Word for word, retype the lines from the one containing "8228 Verbeck Drive, Manlius, New York 13104, Manlius, New" to the one containing "Volkswagen Passat 2.0 TSI Elegance DSG - 27" below, keeping both end lines and dropping the pictures.

- SUPPLIED DATA
BEGIN

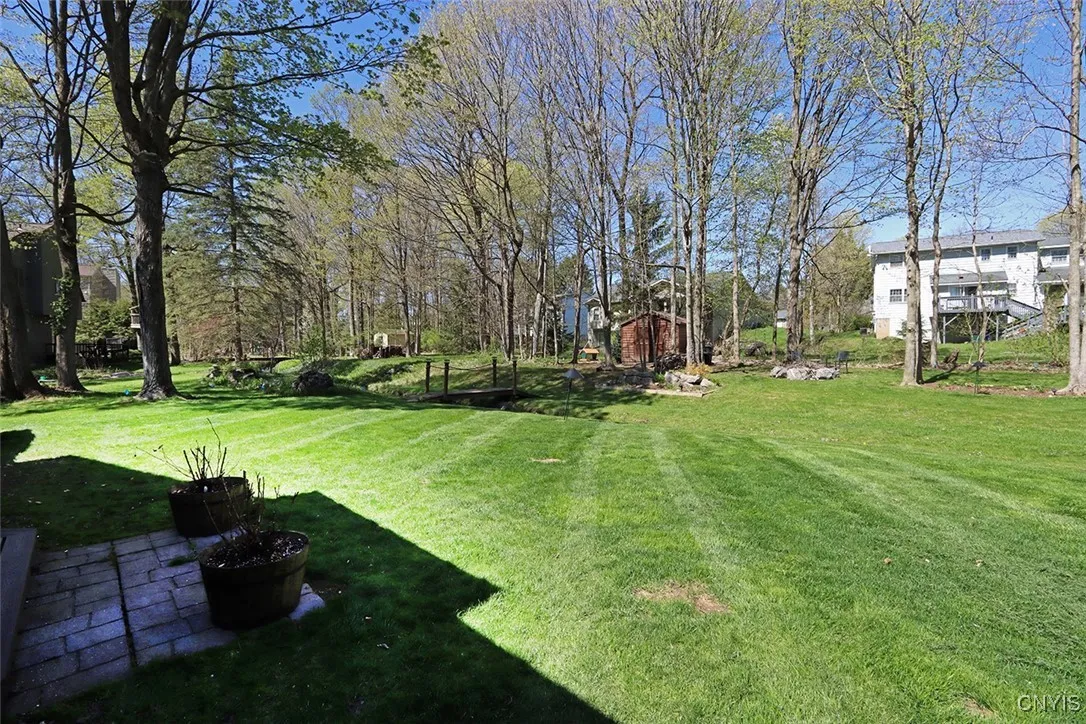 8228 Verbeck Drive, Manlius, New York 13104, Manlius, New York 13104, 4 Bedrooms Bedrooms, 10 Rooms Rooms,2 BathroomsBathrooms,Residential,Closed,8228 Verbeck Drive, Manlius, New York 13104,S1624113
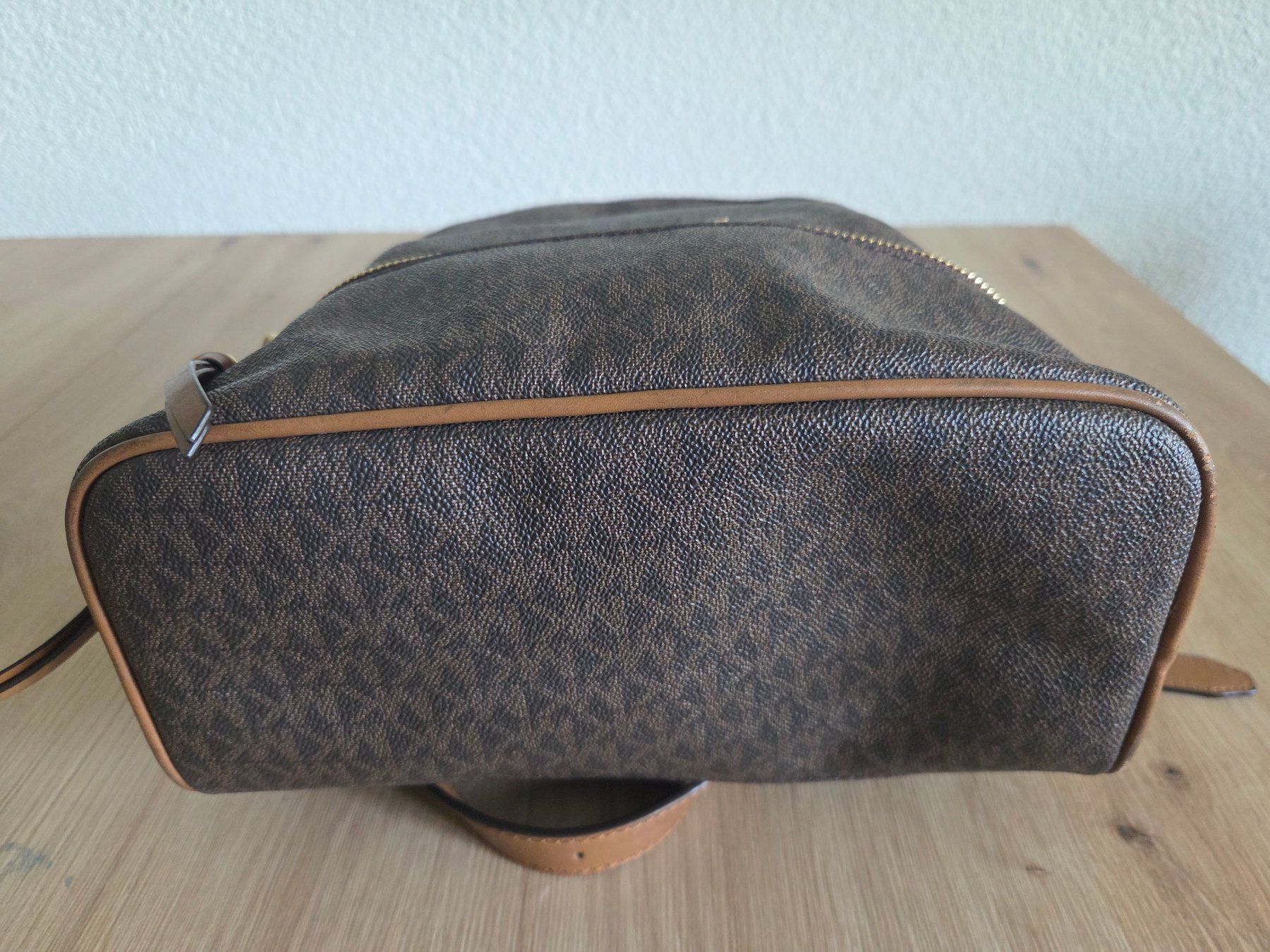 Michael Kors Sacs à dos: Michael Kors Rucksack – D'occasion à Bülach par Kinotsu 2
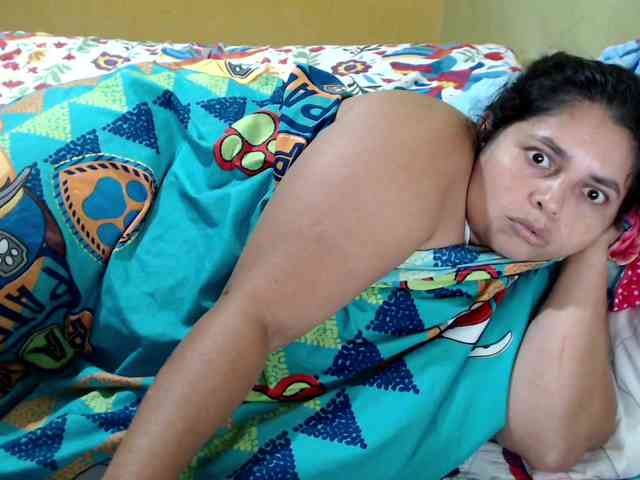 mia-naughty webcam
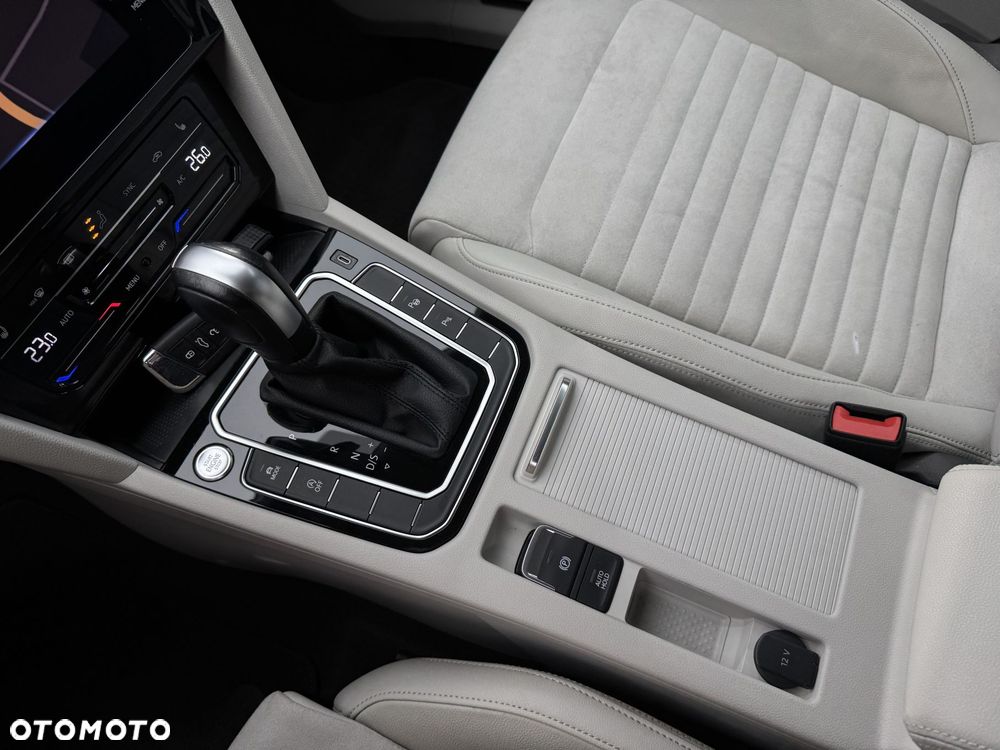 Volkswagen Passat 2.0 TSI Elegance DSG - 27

END
BEGIN

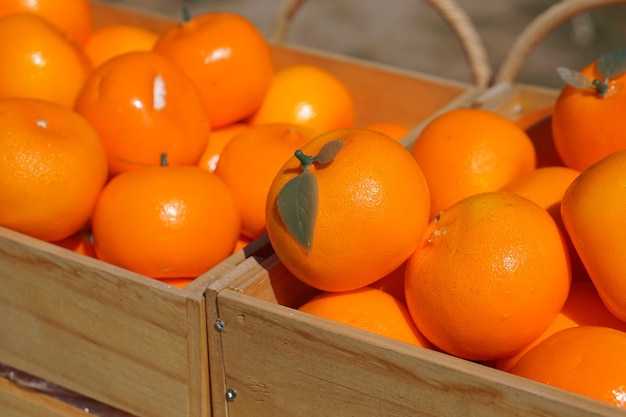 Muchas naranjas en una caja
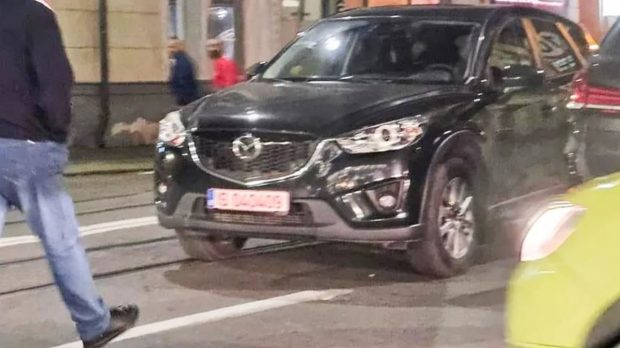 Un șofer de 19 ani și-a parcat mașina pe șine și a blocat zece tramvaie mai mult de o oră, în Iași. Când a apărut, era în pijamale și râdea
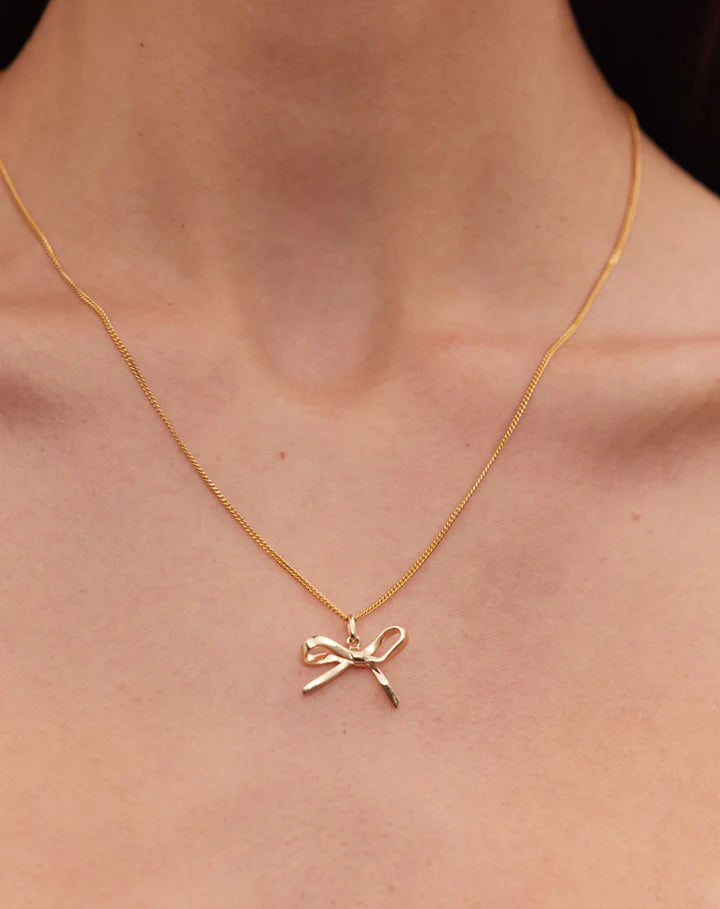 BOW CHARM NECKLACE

END

- COMPLETED TASK
 8228 Verbeck Drive, Manlius, New York 13104, Manlius, New York 13104, 4 Bedrooms Bedrooms, 10 Rooms Rooms,2 BathroomsBathrooms,Residential,Closed,8228 Verbeck Drive, Manlius, New York 13104,S1624113
 Michael Kors Sacs à dos: Michael Kors Rucksack – D'occasion à Bülach par Kinotsu 2
 mia-naughty webcam
 Volkswagen Passat 2.0 TSI Elegance DSG - 27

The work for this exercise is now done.